What are the lines, copied exactly, from the one containing "RAJ JANE COBALT" through the final line of the material? Leave the pictures out.

(Data below):
┌──

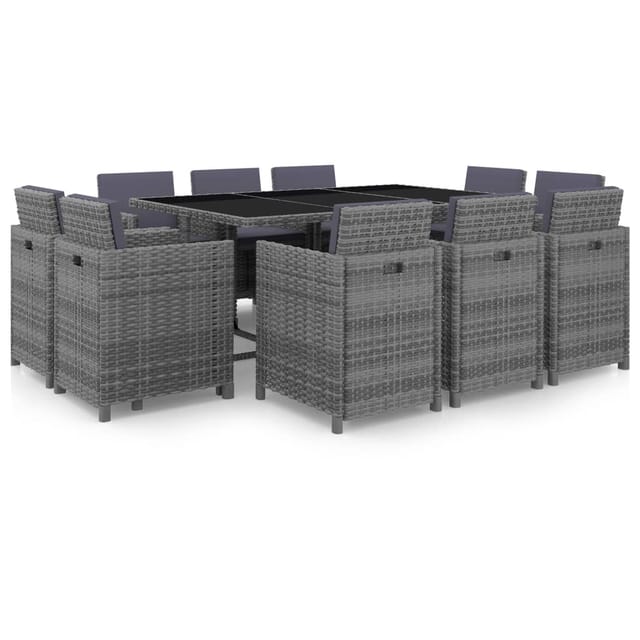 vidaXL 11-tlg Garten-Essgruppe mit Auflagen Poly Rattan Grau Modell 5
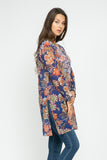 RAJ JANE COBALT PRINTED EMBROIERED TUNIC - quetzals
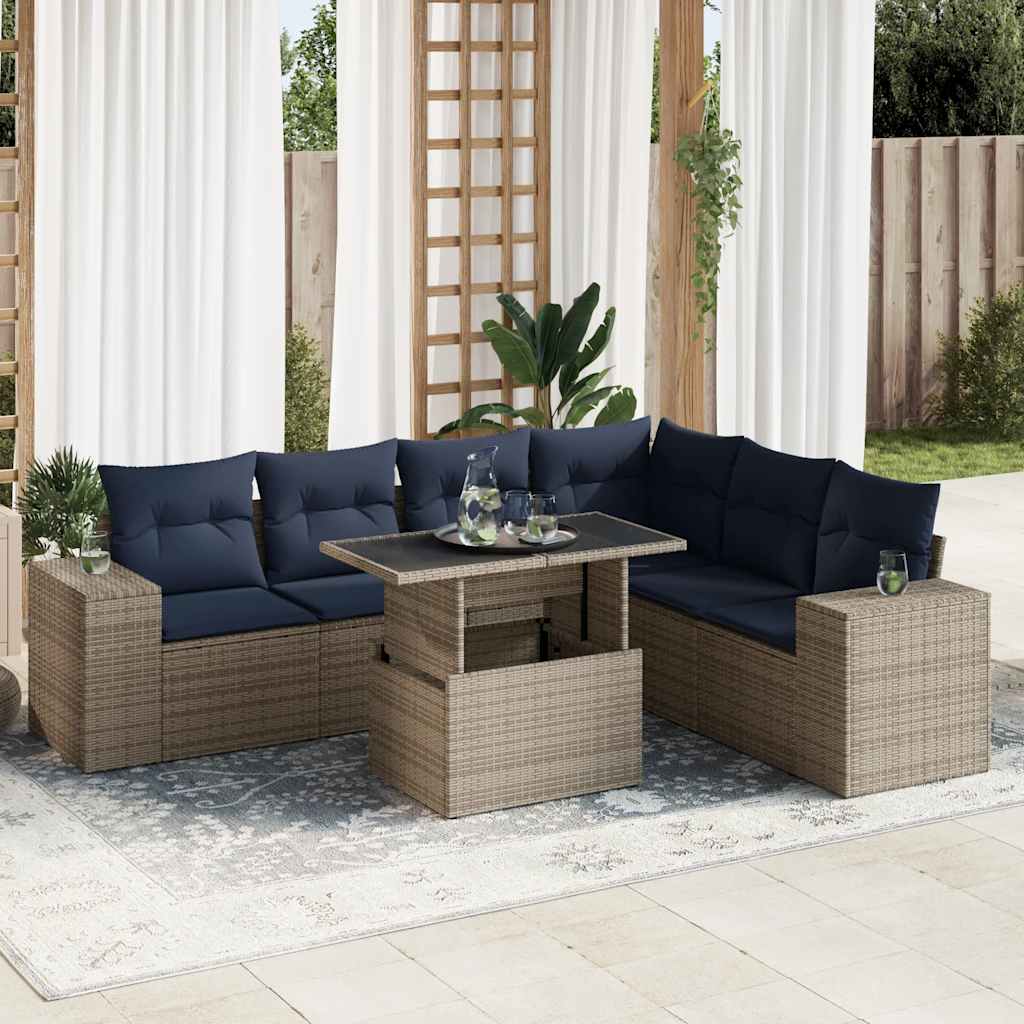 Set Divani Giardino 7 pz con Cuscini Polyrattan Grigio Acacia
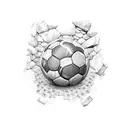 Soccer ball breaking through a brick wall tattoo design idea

└──

(Reply):
 RAJ JANE COBALT PRINTED EMBROIERED TUNIC - quetzals
 Set Divani Giardino 7 pz con Cuscini Polyrattan Grigio Acacia
 Soccer ball breaking through a brick wall tattoo design idea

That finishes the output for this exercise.